──────── Data segment
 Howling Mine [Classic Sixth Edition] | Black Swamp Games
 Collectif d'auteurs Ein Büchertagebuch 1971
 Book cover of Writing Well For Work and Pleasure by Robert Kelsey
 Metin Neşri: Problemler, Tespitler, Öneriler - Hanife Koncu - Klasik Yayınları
────────────────
◆ Your assignment: The line containing "Book cover of" and each line after it through the end of the listing above must be printed exactly, with nothing added.

◆ Answer area:
 Book cover of Writing Well For Work and Pleasure by Robert Kelsey
 Metin Neşri: Problemler, Tespitler, Öneriler - Hanife Koncu - Klasik Yayınları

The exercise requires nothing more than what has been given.